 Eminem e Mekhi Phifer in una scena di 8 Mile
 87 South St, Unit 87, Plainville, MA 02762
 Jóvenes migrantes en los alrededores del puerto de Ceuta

...

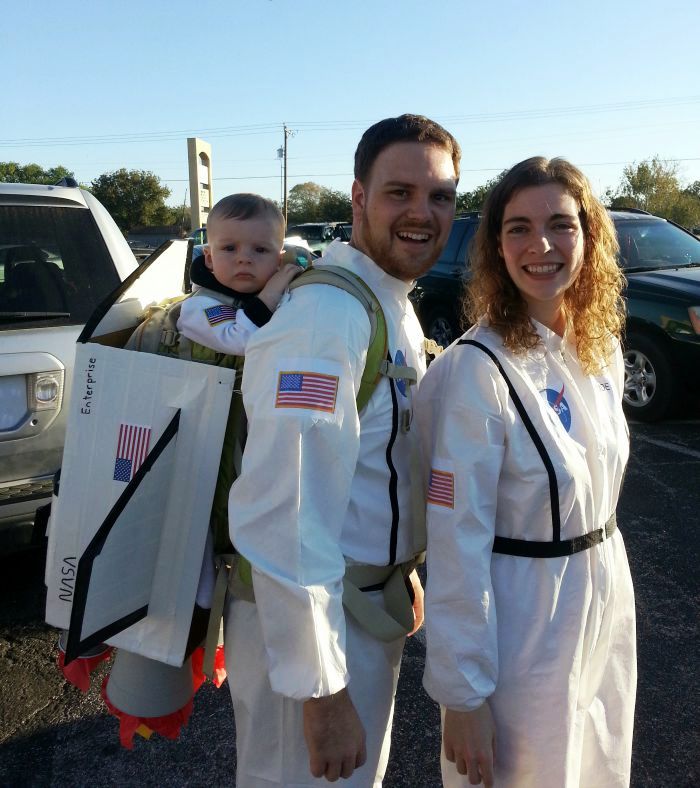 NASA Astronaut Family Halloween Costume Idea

* TASK TO COMPLETE *
Within the material above, extract exactly the lines that start at the line containing "Eminem e Mekhi Phifer in una scena di 8 Mile" and stop after the line containing "Jóvenes migrantes en", and only those.

* RESPONSE TO THE TASK *
 Eminem e Mekhi Phifer in una scena di 8 Mile
 87 South St, Unit 87, Plainville, MA 02762
 Jóvenes migrantes en los alrededores del puerto de Ceuta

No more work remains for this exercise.